Inclusion Criteria

Inclusion criteria:

- Confirmed relapsed ovarian, fallopian tube or primary peritoneal cancer AND relapse
within the platinum-resistant (progression must not be based on CA125 alone)
time-frame, i.e. have progressed within 6 months of platinum therapy.

- Patients need not have received prior taxane; if patients have received prior taxane,
the interval since treatment must be known. Patients will be stratified as <6 months
or 6+ months taxane interval/no prior taxane.

- Patients will generally have received at least 2 lines of prior chemotherapy, but may
enter if they have relapsed within 6 months of first line therapy. Patients may have
received prior liposomal doxorubicin, although this is NOT a requirement. The
treatment immediately prior to study entry need not be platinum-based.

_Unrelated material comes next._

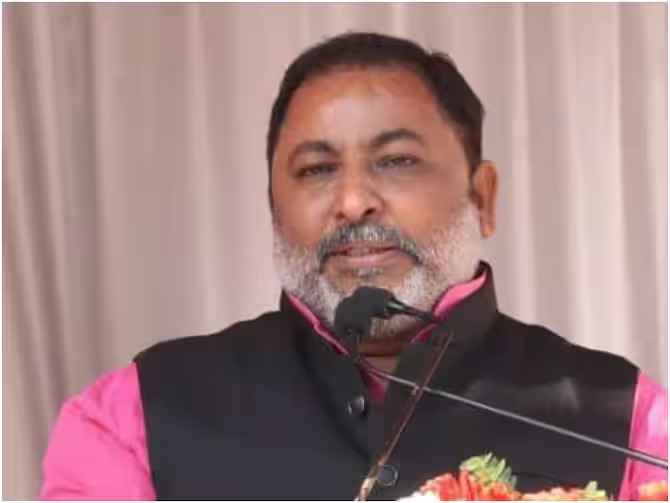 Ballia News: महाराणा प्रताप प्रतिमा के लिए स्टेडियम तिराहे पर ही सहमति बनी- Daya Shankar Singh Ballia News: महाराणा प्रताप प्रतिमा के लिए स्टेडियम तिराहे पर ही सहमति बनी- Daya Shankar Singh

- Measurable or evaluable disease (if not measurable by RECIST v1.1 criteria, patients
must be evaluable by GCIG CA125 criteria).

- ECOG PS 0-2

- Adequate haematological and biochemical function.

Exclusion criteria

- Prior administration of weekly paclitaxel.

- Tumours of malignant mixed mesodermal (MMMT) or mucinous subtypes, or non-epithelial
ovarian cancers (e.g. Brenner tumours, Sex-cord tumours).

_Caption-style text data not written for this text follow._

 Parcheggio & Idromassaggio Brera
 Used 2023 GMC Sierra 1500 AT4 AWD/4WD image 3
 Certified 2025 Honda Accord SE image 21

- Unresolved bowel obstruction.

- Chemotherapy within the preceding 3 weeks.

- Radiotherapy within the preceding 3 weeks.

- Treatment with any investigational agent within the preceding 4 weeks or within 5
half-lives of the investigational agent, whichever is longer.

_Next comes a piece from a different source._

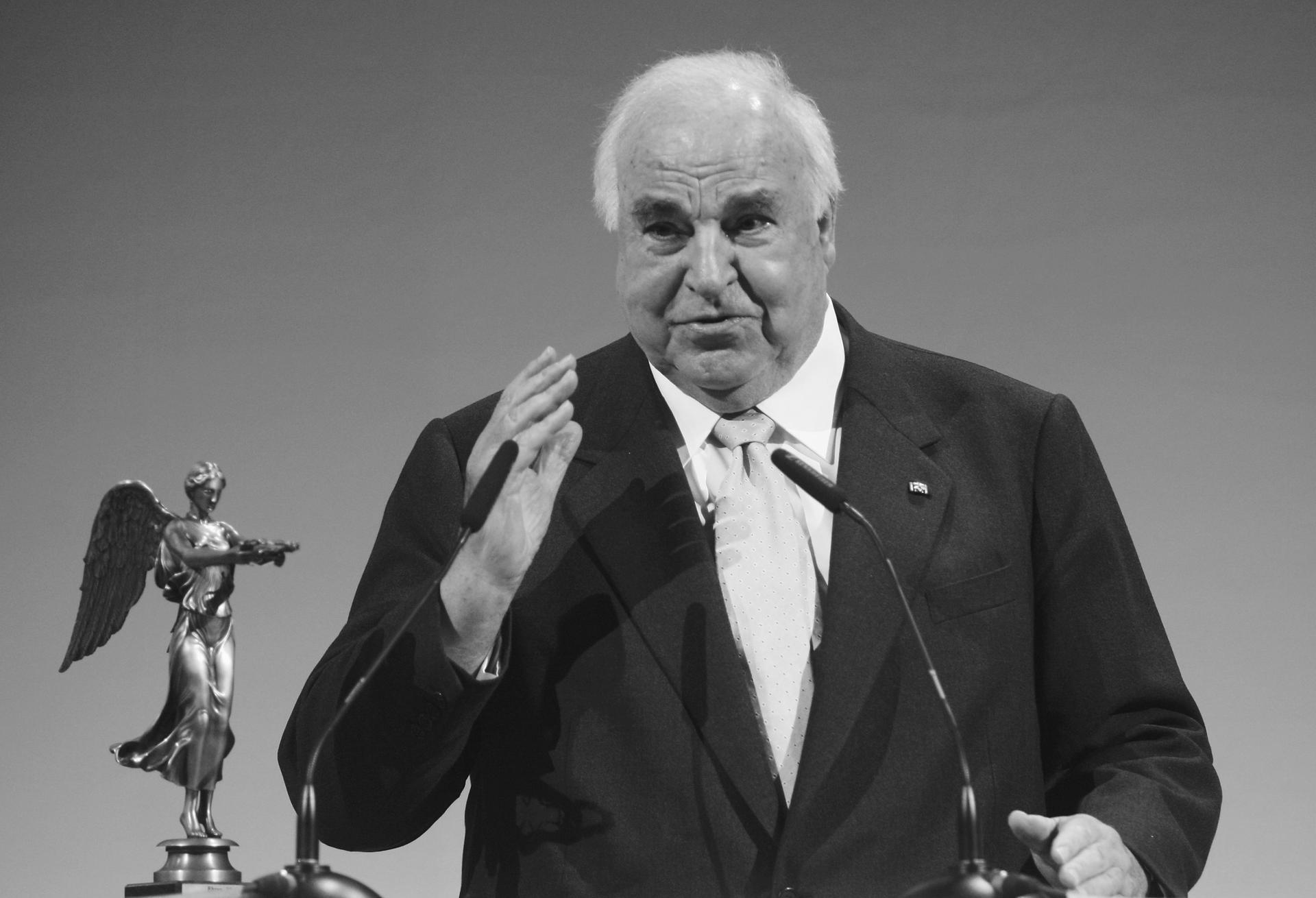 Helmut Kohl: Für Die Deutschen Wird Er Der „Kanzler Der Einheit“ Bleiben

- Known leptomeningeal involvement or intracranial disease.

- Evidence of interstitial lung disease (bilateral, diffuse, parenchymal lung disease).

- Resting ECG with measurable QTc interval of >480 msec at 2 or more time points within
a 24 hour period.

- Pregnant or lactating females.

- Fertile women of childbearing potential not willing to use highly effective
contraception for the duration of trial treatment and for at least 6 months after the
last administration of saracatinib +/- paclitaxel.

- Inability or unwillingness to give informed consent.

- Ongoing active infection or a documented history of HIV infection, Hepatitis B or C.

- Concurrent congestive heart failure or prior history of New York Heart Association
(NYHA) class III/IV cardiac disease.

- Concurrent autoimmune disorder, e.g. systemic lupus or any demyelinating disease.

- Use of immunosuppressive therapy or corticosteroids taken within the 4 weeks prior to
study entry and during the treatment period.